The more a servant of God exerts himself in outward activity, the more need there is that he should renew his inward strength by meditation. Jesus also was subject to this law. Every morning He had to obtain afresh whatever was needed for the day; for He lived by the Father ( Joh 6:57 ). He went out before day from Peter's house, where no doubt He was staying. Instead of, And when it was day, Mark says, While it was still very dark ( ἔννυχον λίαν ). Instead of, the multitude sought Him, Mark says, Simon and they that were with him followed after Him..., and said unto Him, All men seek Thee. Instead of, I must preach, Mark makes Jesus say, Let us go, that I may preach..., etc. These shades of difference are easily explained, if the substance of these narratives was furnished by oral tradition; but they become childish if they are drawn from the same written source. Holtzmann thinks that Luke generalizes and obscures the narrative of the primitive Mark. The third evangelist would have laboured very uselessly to do that! Bleek succeeds no better in explaining Mark by Luke, than Holtzmann Luke by Mark. If Mark listened to the narrations of Peter, it is intelligible that he should have added to the traditional narrative the few striking features which are peculiar to him, and particularly that which refers to the part taken by Simon on that day. As we read Mark 1:36-37, we fancy we hear Peter telling the story himself, and saying: “And we found Him, and said to Him, All men seek Thee.” These special features, omitted in the general tradition, are wanting in Luke.

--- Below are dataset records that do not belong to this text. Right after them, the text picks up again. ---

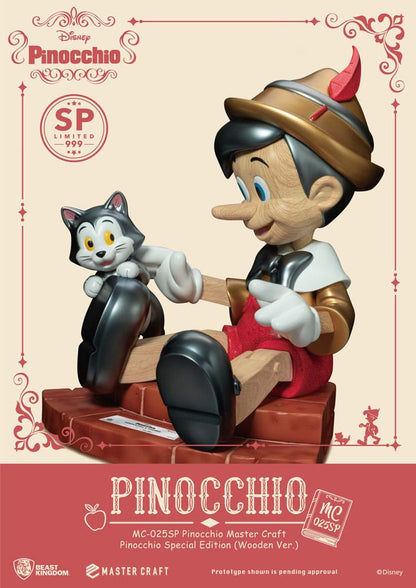 Disney Master Craft Statue Pinocchio hölzern ver. Sonderausgabe 27 cm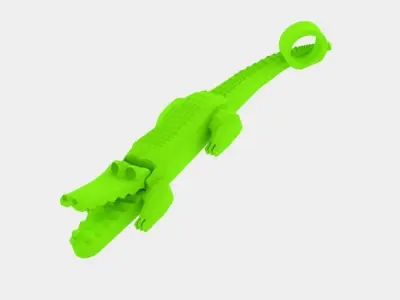 Crocodile pendant 3D print model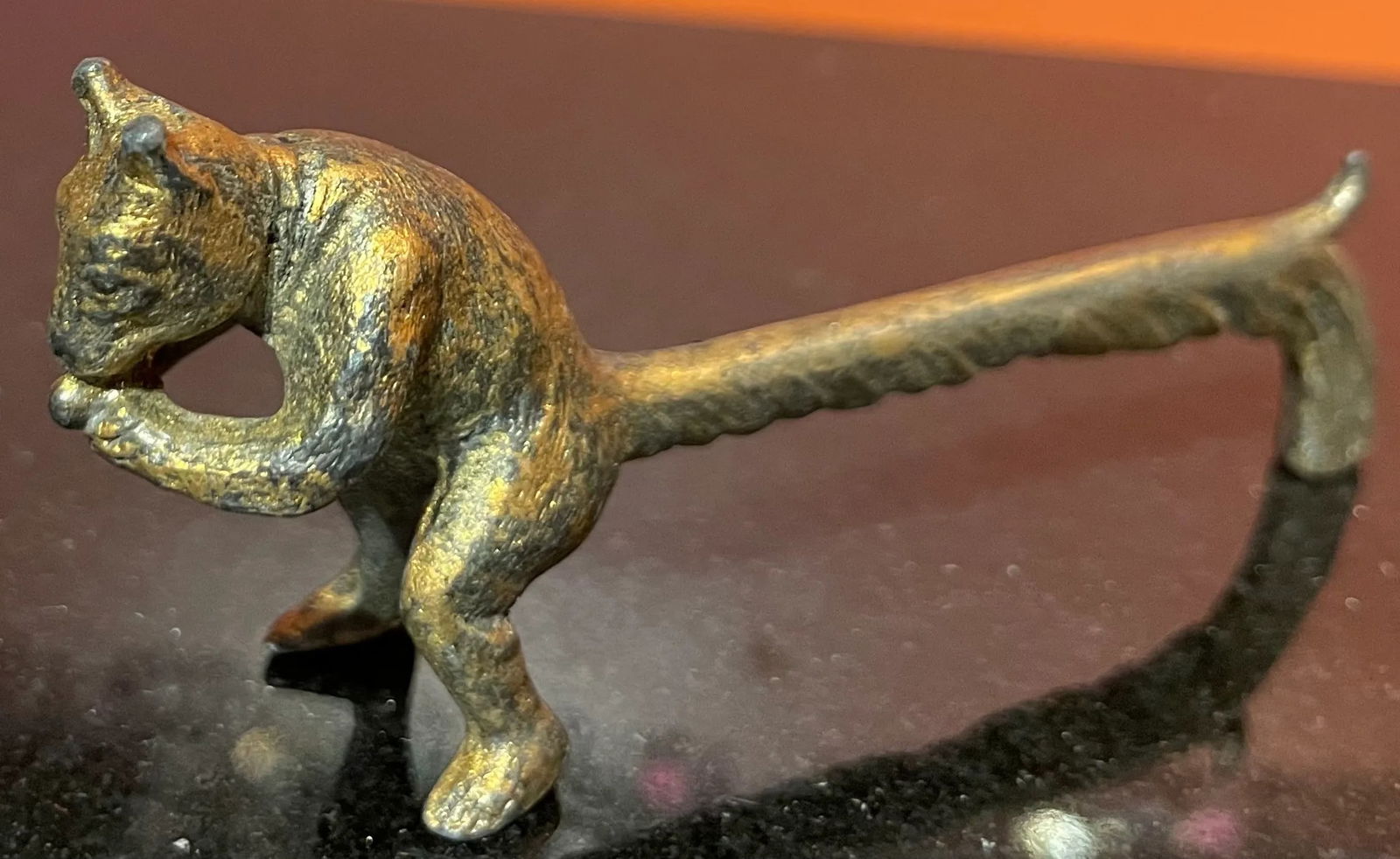 Set of 6 Animalia French Bronzed Knife Rests - 3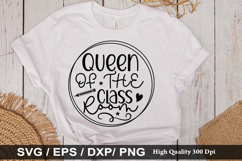 Queen of the Classroom SVG - Teacher Design Product Image 1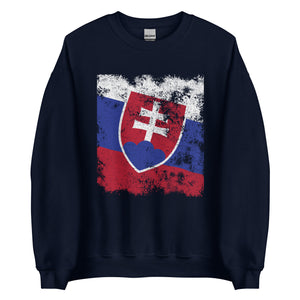 Slovakia Flag Sweatshirt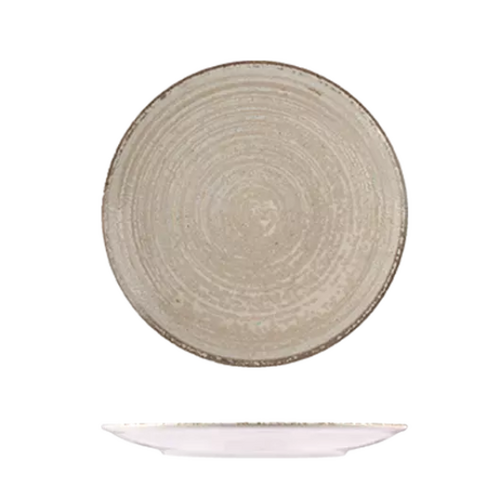 ID Fine Mocha Round Coupe Plate - 230mm (Box of 12) - 98810623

The words of Jesus, Luke 4:43, might be explained by a tacit opposition between the ideas of preaching and healing. “If I stayed at Capernaum, I should soon have nothing else to do but work cures, whilst I am sent that I may preach also.” But in this case the verb εὐαγγελίσασθαι should commence the phrase. On the contrary, the emphasis is on the words, to other cities...Jesus opposes to the idea of a stationary ministry at Capernaum, that of itinerant preaching. The term εὐαγγελίσασθαι , to tell news, is very appropriate to express this idea. The message ceases to be news when the preacher remains in the same place. But in this expression of Jesus there is, besides, a contrast between Capernaum, the large city, to which Jesus in no way desires to confine His care, and the smaller towns of the vicinity, designated in Mark by the characteristic term κομποπόλεις , which are equally entrusted to His love.

It is difficult to decide between the two readings, ἀπεστάλην , I have been sent in order to..., and ἀπέσταλμαι , my mission is to...The second perhaps agrees better with the context. A very similar various reading is found in the parallel passage, Mark 1:38 ( ἐξῆλθον or ἐξελήλυθα ). Mark's term appears to allude to the incarnation; Luke's only refers to the mission of Jesus.

The readings εἰς τὰς συναγωγάς and ἐν ταῖς συναγωγαῖς , Luke 4:44, recur in Mark 1:39. The former appears less regular, which makes it more probable: Jesus carried the preaching into the synagogues.

The absurd reading τῆς ᾿Ιουδαίας , which is found in the six principal Alex., should be a caution to blind partisans of this text.